After ingestion, about 5% of acetaminophen is metabolized in the liver to the active metabolite, N-acetyl-p-benzoquinoneimine (NAPQI). The enzyme responsible for this transformation is CYP2E1 (a.k.a. P4502E1), an isozyme in the hepatic cytochrome P450 system. The remainder is conjugated to nontoxic forms of glucoronide and sulfate and excreted in the urine.
According to Dr. Dart, normal doses of acetaminophen (i.e. ≤ 4 grams/day) result in clinically insignificant levels of NAPQI because the metabolite is quickly detoxified in the liver. With an overdose of acetaminophen however, the amount of NAPQI is capable of overwhelming the hepatic glutathione detoxification mechanism, causing necrosis of liver cells and potentially fulminant hepatic failure, especially at high doses.
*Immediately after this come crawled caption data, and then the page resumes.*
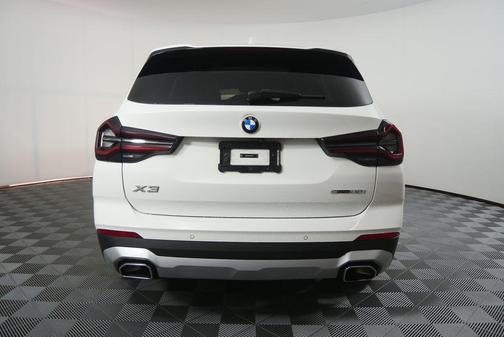 Alpine White 2024 BMW X3 sDrive30i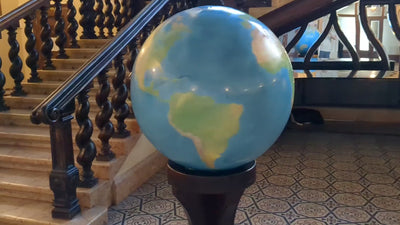 large world globe bespoke custom world globe for sale illuminated spinning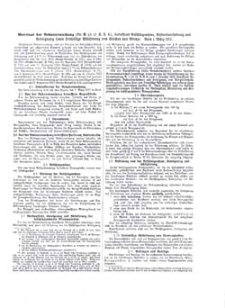 Wortlaut der Bekanntmachung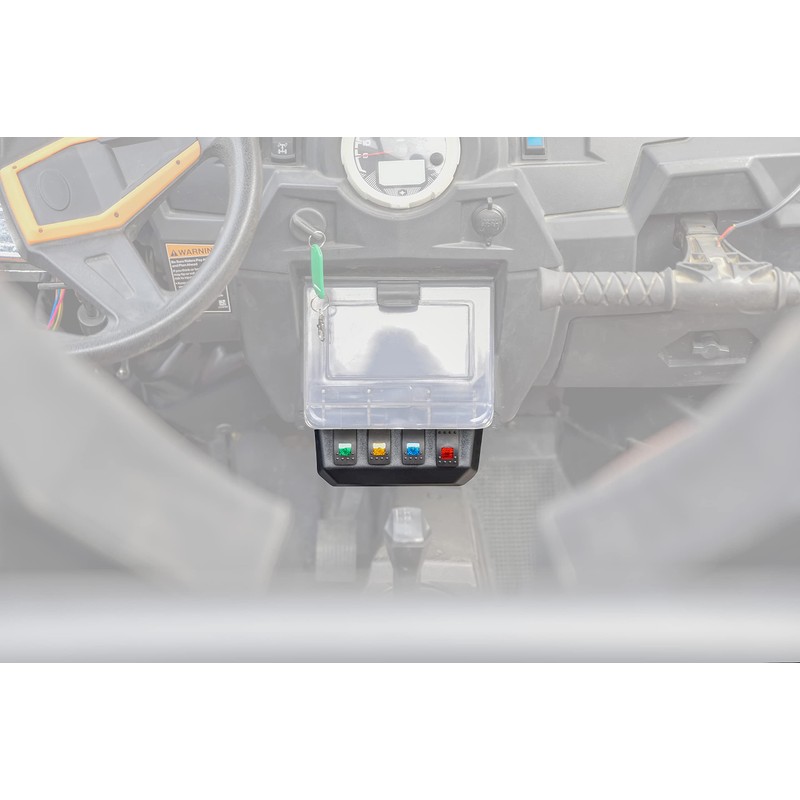 SAUTVS Switch Panel for Polaris RZR XP 1000 14-18, Under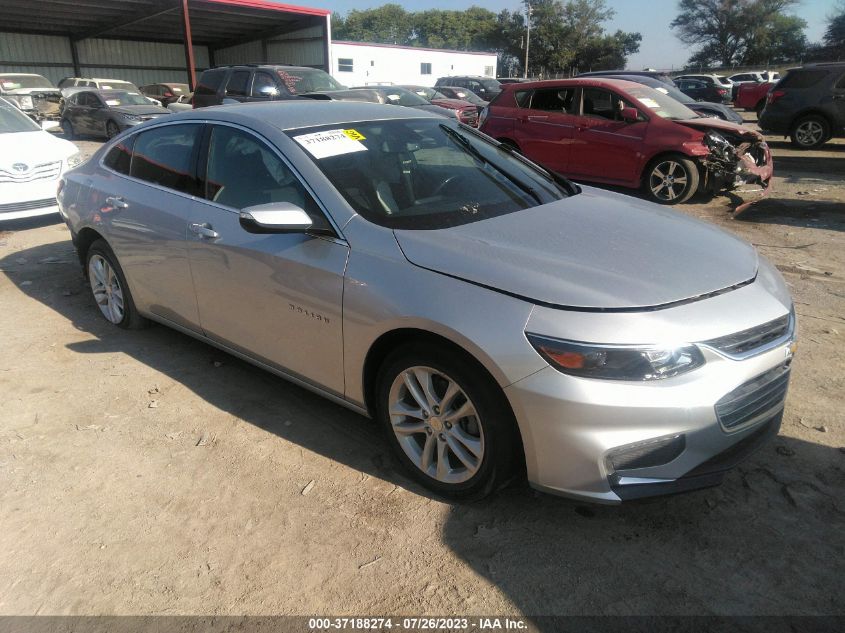 2018 CHEVROLET MALIBU LT - 1G1ZD5ST4JF122108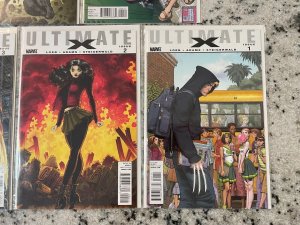 5 Ultimate X Marvel Comic Books # 1 2 3 4 5 NM Wolverine Hulk X-Men Thor 2 CH24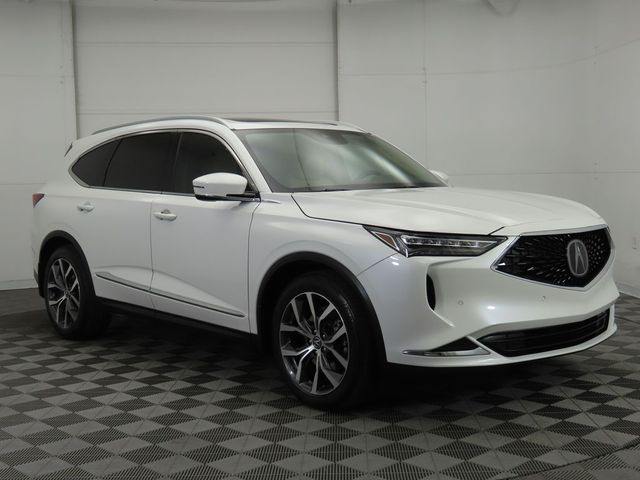 2022 Acura MDX Technology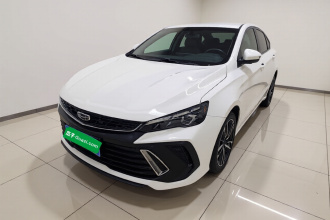 吉利汽车 2022款 缤瑞COOL 1.5T DCT风驰版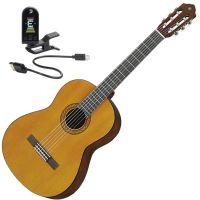 C40MII Classical Guitar with Clip-On Chromatic Tuner 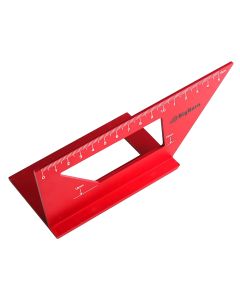 BigHorn 14610 Solid Aluminum 45/90 Degrees Layout Miter Gauge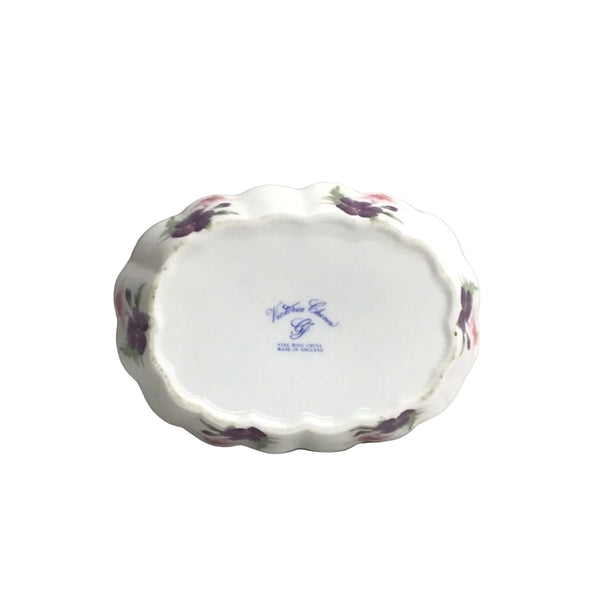 Vintage "Victoria China"England Oval Dish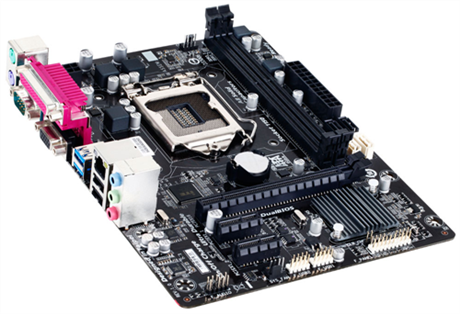  Mainboard Gigabyte H81M-DS2 (Chipset H81) 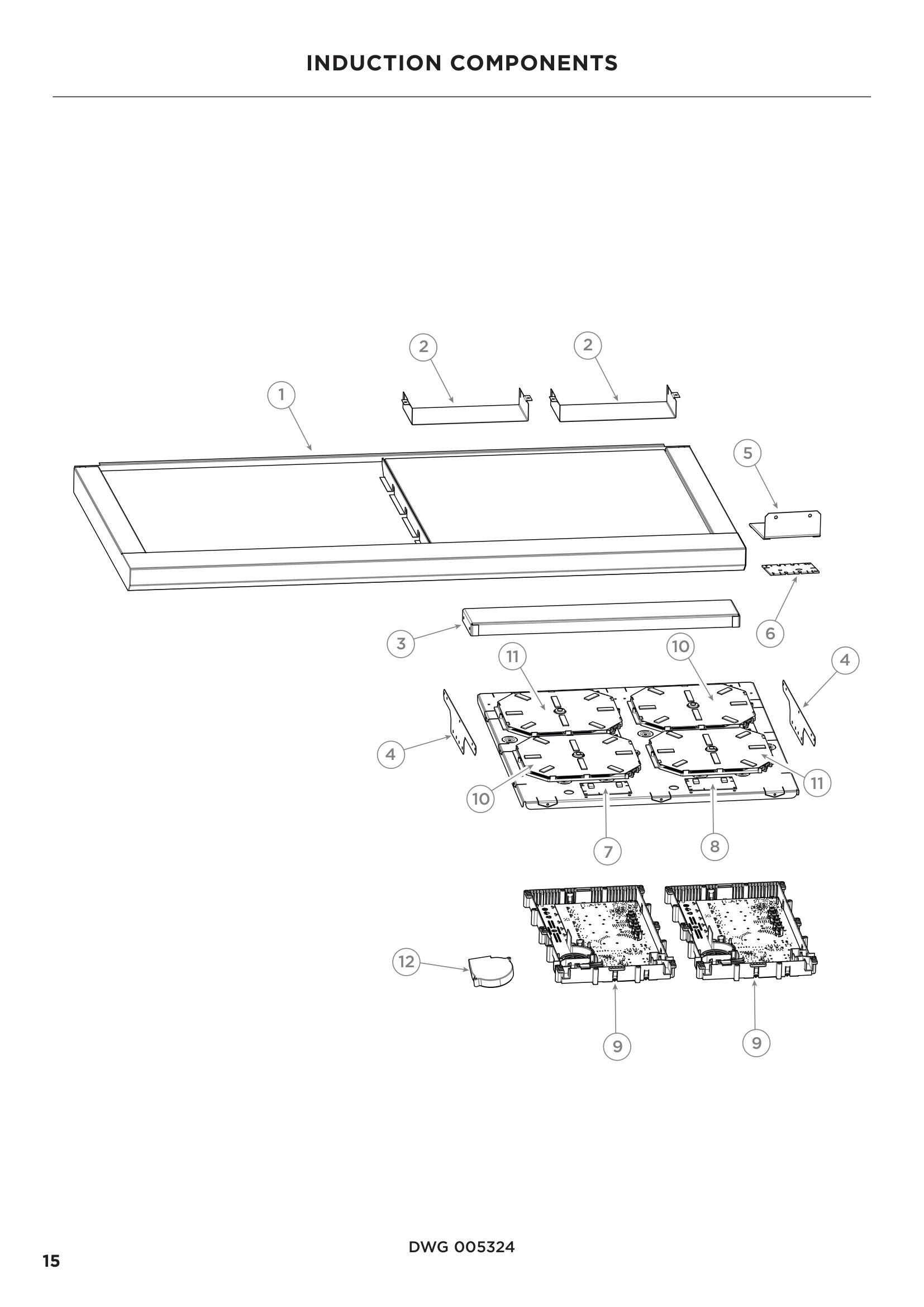 INDUCTION COMPONENTS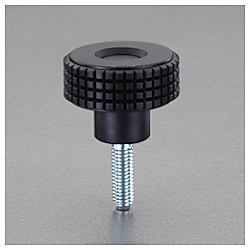 M5x20mm/φ31mm 雄ねじノブ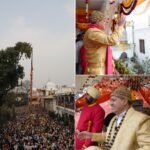 भक्ति और श्रद्धा से सराबोर हुआ श्री दरबार साहिब परिसर श्री महाराज जी के दर्शनों को उमड़ा जनसैलाब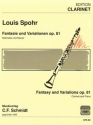 Fantasie und Variationen op.81 fr Klarinette und Klavier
Animal studies have shown that chronic administration of ethanol induces the activity of CYP2E1 and increases production of NAPQI when acetaminophen is ingested.19 Other studies have shown that animals that are chronically fed alcohol will suffer liver injury at a lower dose of acetaminophen than control animals if it is administered in a period of abstinence from alcohol.20 This is the period in which the induction of CYP2E1 is still increased and acetaminophen metabolism is unimpeded by competition with alcohol. Animal studies demonstrate that concomitant administration of alcohol and acetaminophen decreases the production of NAPQI, with less liver damage as a result.
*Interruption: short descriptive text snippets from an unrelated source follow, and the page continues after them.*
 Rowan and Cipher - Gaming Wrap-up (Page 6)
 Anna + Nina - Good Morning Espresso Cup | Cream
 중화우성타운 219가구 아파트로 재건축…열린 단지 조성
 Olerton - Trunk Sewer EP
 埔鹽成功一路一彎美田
These observations, along with studies in humans showing that alcohol ingestion induces the activity of CYP2E1, have led some individuals to propose that the alcoholic patient may suffer injury with therapeutic doses of acetaminophen.1 Dr. Dart points out, however, that the evidence concerning cytochrome induction in humans is not clear. He writes, "some reports indicate that alcoholic patients have increased elimination of paracetamol (acetaminophen), implying that cytochrome P450 may metabolize it at a greater rate.21,22 However, the increase in metabolism does not increase the quantity of NAPQI produced."23
Reports of Liver Damage Unsubstantiated
In his review9, Dr. Dart screened more than 2000 reports in the literature of acetaminophen toxicity, poisoning, or adverse events in humans and selected 27 studies involving alcohol.
The studies were divided into categories based on the strength of evidence. Class I data consisted of randomized, controlled clinical trials; Class II data consisted of prospective, non-randomized trials; and Class III data was made up of retrospective case reviews and case reports. Seven articles in Dr. Dart's review provided Class I or II data and 20 articles provided Class III data.
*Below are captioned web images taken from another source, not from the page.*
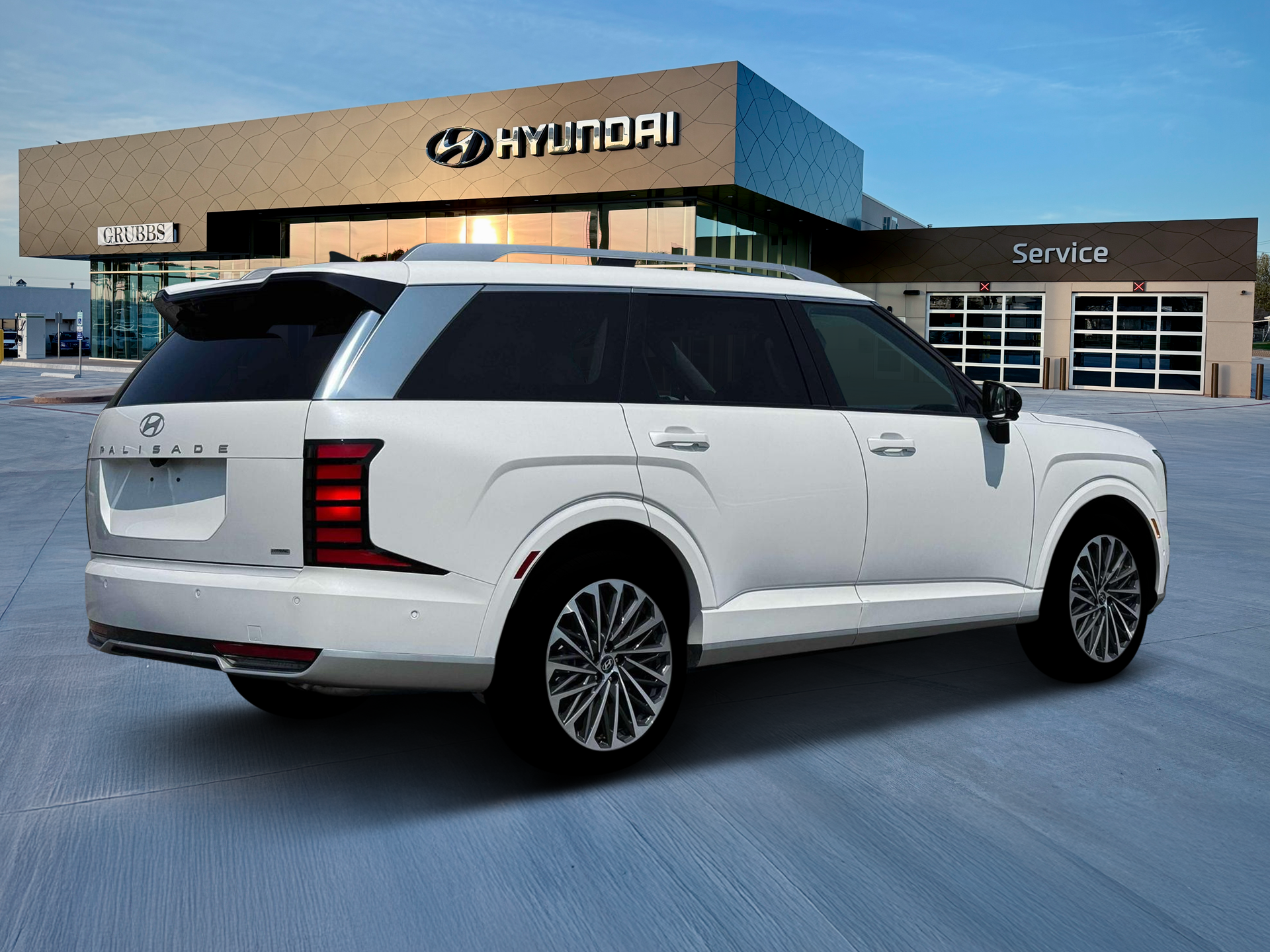 2026 Hyundai Palisade Calligraphy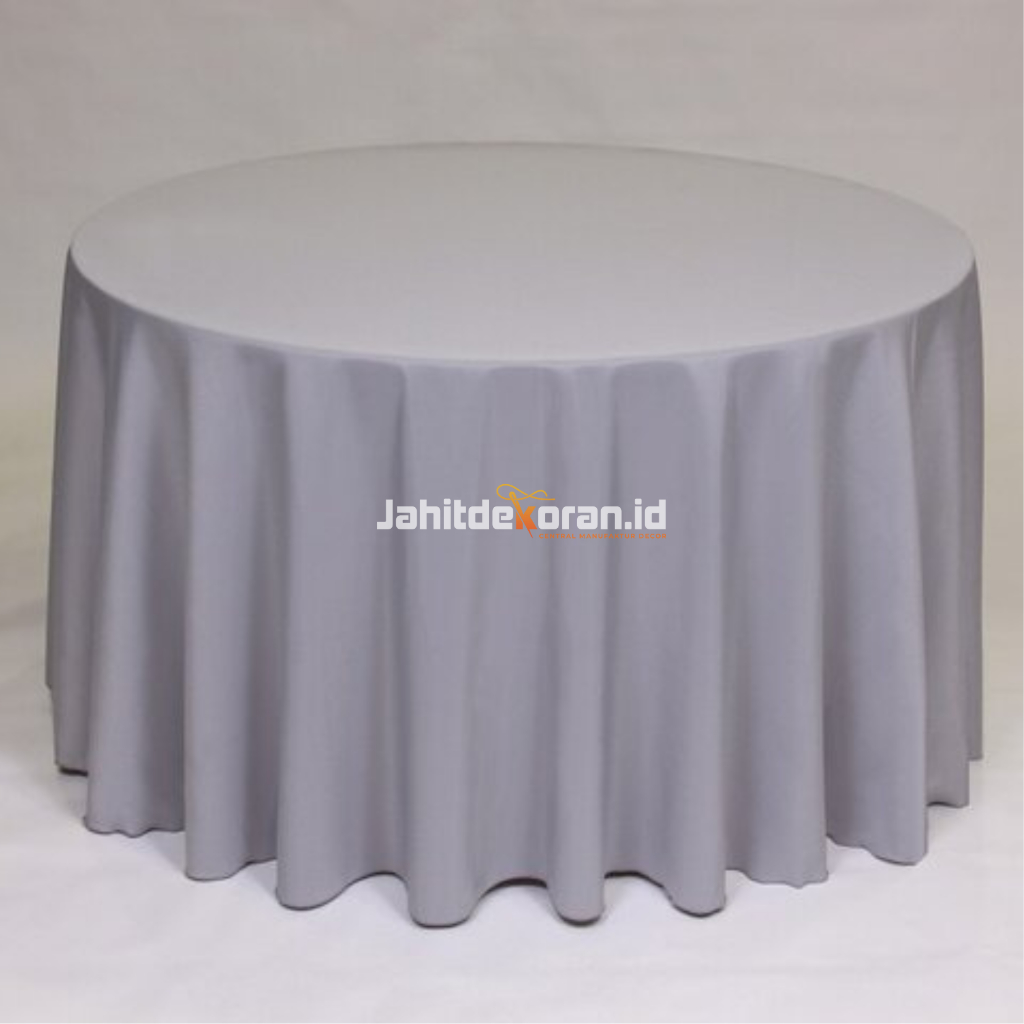 Taplak Meja Bulat Polos | Taplak Meja Bulat Restaurant | Round Table Cloth Hotel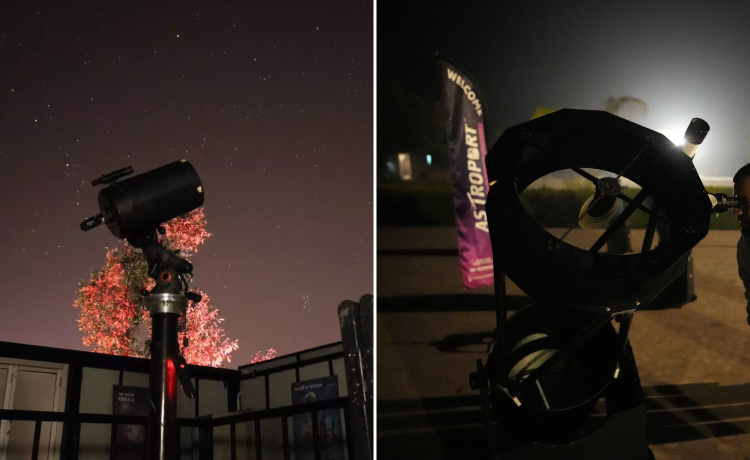 Starscapes vs Astroport India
According to Dr. Dart, Class I data showed that repeated ingestion of a therapeutic dose of paracetamol over 48 hours by severely alcoholic patients "did not produce an increase in hepatic aminotransferase enzyme levels nor any clinical manifestations compared with a placebo group." Class II data showed that a 1-to-2 gram single dose of acetaminophen administered to alcoholic patients produced no adverse effect. Also included in this class are data showing that therapeutic doses of acetaminophen administered for periods up to 14 days in patients with overt liver disease (alcoholic, primary biliary, postnecrotic, or unspecified cirrhosis or alcoholic, acute viral, chronic active, or other infectious hepatitis) have produced no adverse effects.5 "In contrast," he writes, "Class III data...describe hepatic injury after repeated paracetamol ingestion with therapeutic intent, although usually not at therapeutic doses."
In his discussion, Dr. Dart explains that Class III data is weak and cannot be considered conclusive. For example, it is difficult to assess the cause of hepatic injury in the setting of alcohol abuse in a retrospective analysis. Fulminant hepatic failure may be caused by hepatitis or several other conditions24, including exposure to organic compounds, natural products (mushrooms, herbs), and hypersensitivity reactions to drugs.
The most troubling aspect of the Class III data, however, lies in the unreliability of patient histories used to determine the dose of acetaminophen ingested. Dr. Dart writes, "the history of ingestion is often unknown or contradicts other clinical information provided. For example, the history may indicate a therapeutic dose, but the serum paracetamol is elevated to levels only produced by ingestion much larger than the history indicates."
In summary, Dr. Dart states that "all methodologically sound studies available indicate that therapeutic dosing of paracetamol to the alcoholic patient is not associated with hepatic injury" and notes "unless stronger evidence of a potentially dangerous interaction emerges, the use of paracetamol in the alcoholic patient is reasonable. During chronic treatment of pain, paracetamol may be preferred in the compliant alcoholic patients owing to the adverse effects associated with long-term use of nonsteroidal anti-inflammatory agents."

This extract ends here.